Dutch Mistress (2013) is profiled in softening summer-hot glow, her bowl cut snappish in cantaloupe orange. Her bouffant hair, plumulaceous, secludes the skull itself. What does the shape achieve? Powder puff, acorn, vessel, rotunda, halo. Holbein’s stoicism meets Steven Shearer’s boys of willowy lustiness—or Russian icon painting; the silhouette serves as a template for Androgynous Angels, a series of profile portraits modeled on and by Kenneth Bergfeld.
Inaugurating his Angels, Kenneth Bergfeld took a fancy to Hokusai’s Thirty-Six Views of Mount Fuji (1830-1832), whose ombré skies and undulant clouds accumulate in Androgynous Angel VIII (2018). Repetition and attention intensify into saturation: if one pays attention, one sees “it” everywhere. William Gass knows this in On Being Blue by tracing the color it bleeds: “Russian cats and oysters, a withheld or imprisoned breath, the blue they say that diamonds have, deep holes in the ocean.” 1 Blue: private, cosmic, characteristic. Gorging on obsession, Gass’s attention becomes a portal, a fantasy you can almost step into. Bergfeld’s solo show, I, Spider at Project Native Informant, knows this: “I know now that it—I, Spider—was not about possessing, but about being possessed / by the forces that ran through me and this work unifying us eternally.” Each Angel is a twofold figure: Bergfeld viewing himself through the eyes of others. His lips—pink and beige and prominent—relay the constancy alongside each crest: a cloche-like cushion of luminous angora, it mushrooms into a dome, shrouding the head in a chatoyant shell. Each Angel is tailored to their environment. Angel VI (2018) is a princely apple of pulsatory red; trees littered with superfluous blossoms occupy the pointillist backdrop, in turn blurring into his turtlenecked torso of medieval gem embroideries. See, in other works, Georgia O’Keeffe white flowers floating in planetary blue, the face levitating; hair of beryl and seafoam green, its outline licked in flames; a tree of cinnabar lacquer deconstructing with branches lurching like antlers behind an angel’s crest of lynx-like spots splintered by spikes. Each angel is satiny and pearlized—with canvases primed repeatedly—encompassing, like a Raf Simons silhouette, a starched cowboy hat.
The repetition of form dissolves essentialism: it breeds difference. Bergfeld’s series’ most recent iterations, titled I, Spider (2019), resemble textual devices of mimesis. For Jacques Derrida, the text is always “double,” bowing to perpetual, infinite precedents, while for Roland Barthes, the text is woven, and in this making, “the subject unmakes himself, like a spider dissolving in the constructive secretions of its web.” 2 Yet through these very secretions, the subject resurfaces, albeit in disseminated form. Bergfeld echoes this; in his paintings’ independent reality, the self is deconstructed and strained by the existential. It is a scrutinizing reflection on color, texture, and structure over time, viewing one’s subjectivity through the eyes of others, as well as how one changes over such a period. It is this oscillation between repetitious form and form’s fundamental change that renders precision and extravagance, a combination of form and formlessness, a pristine structure’s lurch toward collapse.

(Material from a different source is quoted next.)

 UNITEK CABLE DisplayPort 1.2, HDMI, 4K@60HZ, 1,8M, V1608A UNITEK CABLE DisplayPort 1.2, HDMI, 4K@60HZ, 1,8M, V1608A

Where icon painting emphasizes the eyes, Bergfeld erases the eye with a snowy orb; the lips, however, coax lyricism. Reinforcing the metaphysical relationships withheld by his angels, his spiders, Bergfeld has performed to his paintings with readings of messianic purple prose. For The Spire, Pt.1 (2018) at Hospitality, Cologne, Bergfeld adopted the persona of Kenny Unrest in an aural phantasmagoria: birdsong, little bells and stinging synths, talk on heat and stringency, the baking of challah, a violin’s bow. In a small loft populated by his plush-headed figures veiled at the neck with silk neckerchiefs, the effect echoes a woozy Carthusian cloister. Scenes of deep introspection worm into Bergfeld’s repertoire, reminiscent of Ezra Pound on his short imagist poems as concentrated equations: “record the precise instant when a thing outward and objective transforms itself, or darts into a thing inward and subjective.” In a larger canvas, one stands in a heady violet marshland swathed with white calla lillies, great lounging leaves and magnified pansies—some stippled, others waterlogged. Monastic, the figure echoes Charles Rennie Mackintosh’s ethereal women unfurling into tulips, roses, and filigreed trellis, indivisible from their structure. Scarlet red, another sits among Impressionist roses, shadows swallowing the eyes, narrative spilling into the dark. Echoing Picasso’s Garçon à la Pipe (1905), whose original flowers sweep like wings, Bergfeld gestures toward the struggle of painterly justification. Made during Picasso’s Rose Period, the boy is immortalized. Rose: a period, a tone you see everywhere; no doubt it matches Bergfeld’s own attention, it is already double. On Bergfeld’s terms, it may also be devotional.
- Alex Bennett is a writer and editor based in London.